Q about using multi2vec-clip and wanting ViT-L-14/laion2b_s32b_b82k

The context: I am in the “bring your own vector” scenario where we populate the collections with our own generated embeddings from OpenClip’s ViT-L-14.

Q:

  1. Does multi2vec support ViT-L-14, the doc mentioned image: cr.weaviate.io/semitechnologies/multi2vec-clip:sentence-transformers-clip-ViT-B-32-multilingual-v1, where can I get a complete list of supported CLIP models? And if the one I wanted is not available, what are my options?
  2. If that particular L14 OpenCLIP model is supported, can I configure to use it only for embedding the query image/text, but suppress during collection import? My guess is a yes based on what I read so far.
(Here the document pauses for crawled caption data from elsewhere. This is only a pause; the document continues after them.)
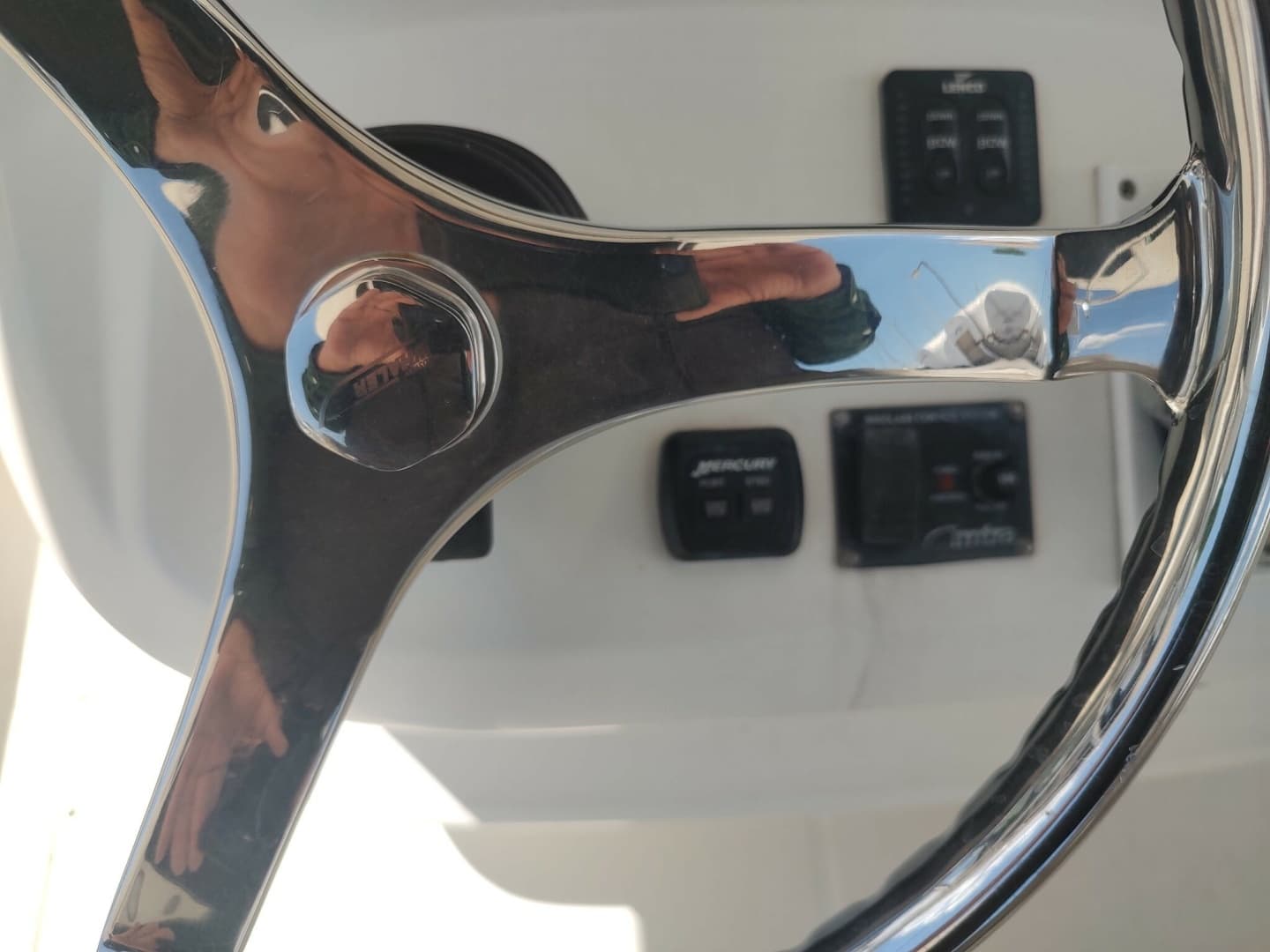 2006 Boston Whaler 320 Outrage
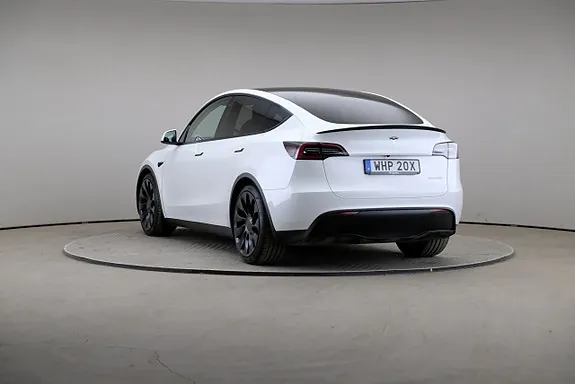 Tesla Model Y 2023 photo 2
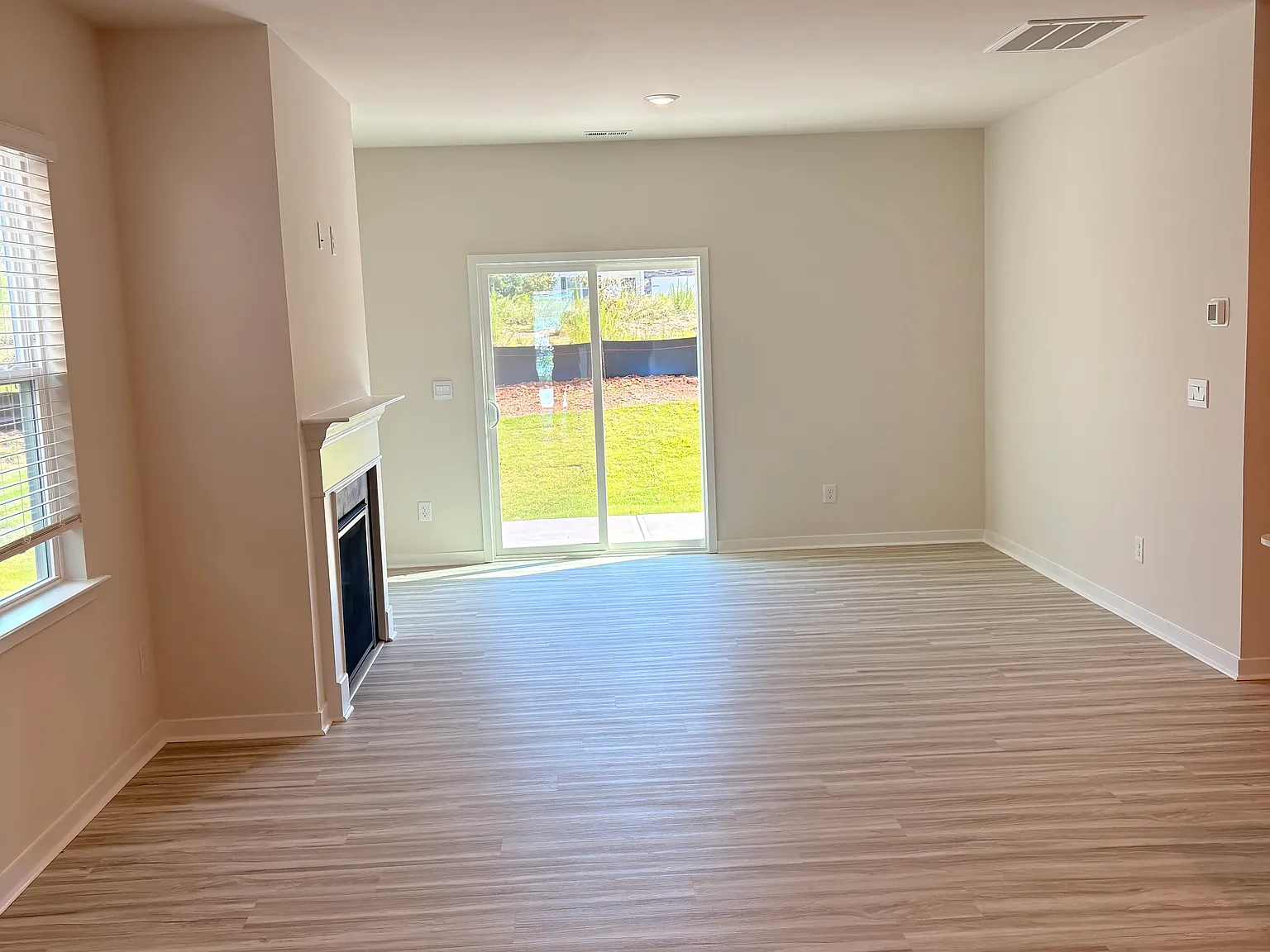 5 bed, 3.5 bath, 2368 sqft, $2,690 — Photo 1
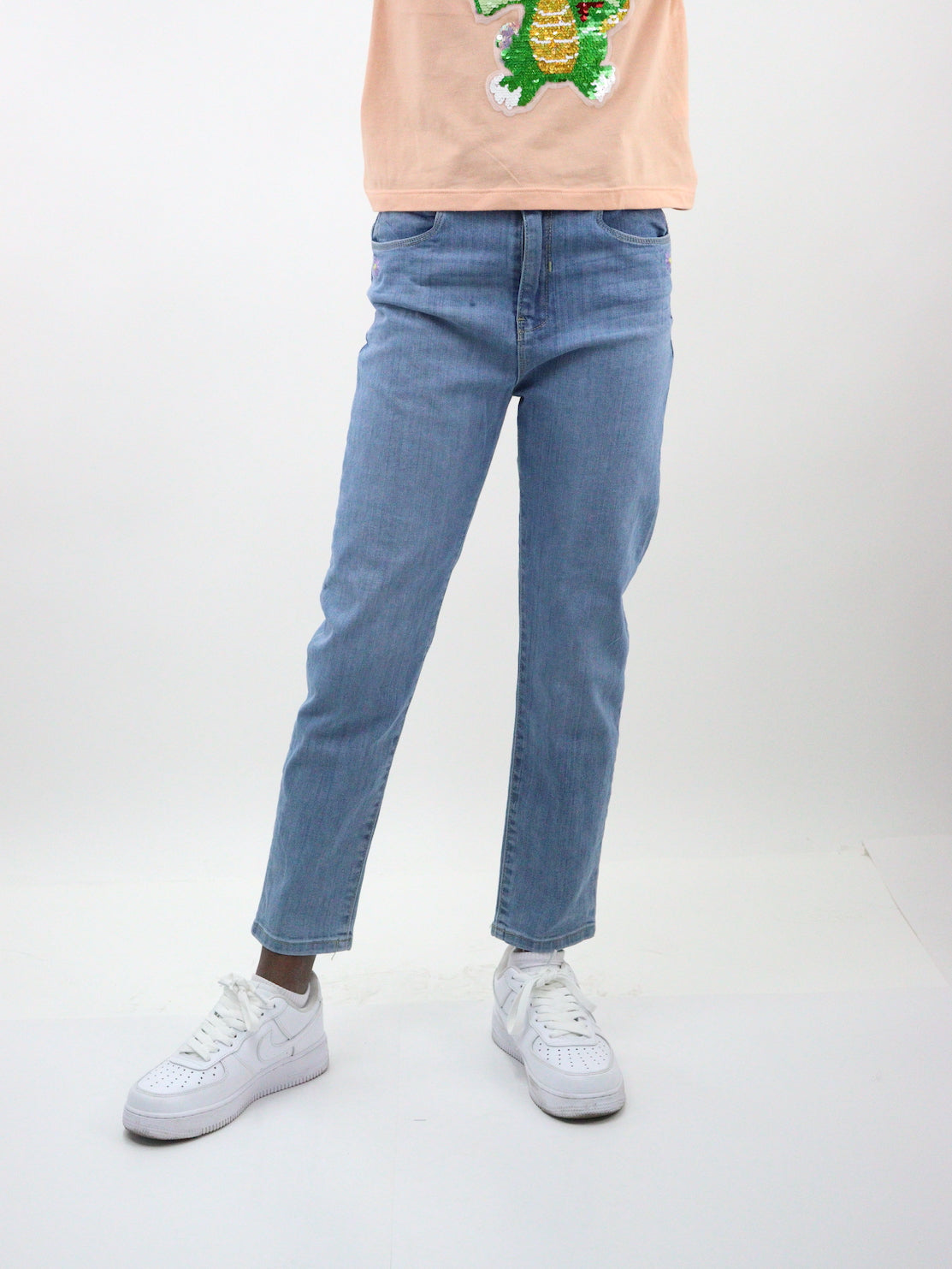 Jeans mom clasic con bordado floral edición especial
This will help us if we should let weaviate perform the query image/text embedding vs. our prototype where a separate server do the embeddings and we provide the query vector as part of the weaviate query. This will also give us idea if we can lower the operational cost. We expect the realtime cost of embedding user’s submitted images/text to far exceed embedding of the imported data.

hi @00.lope.naughts !!

Not sure I totally understood your question/scenario here, but some points:

  • you can bring your own vectors (aka. provide them while importing), while also maintaining a configured vectorizer. If you do not provide the vectors, Weaviate will vectorize the content for you. Of course, they all need to come from the same model.

  • If you can run a model, you can probably use it with Weaviate. If the current integrations do not support your clip model or even proprietary, you can always create your own multi2vec-clip-inference and point the module to it.

Let me know if this helps :slight_smile: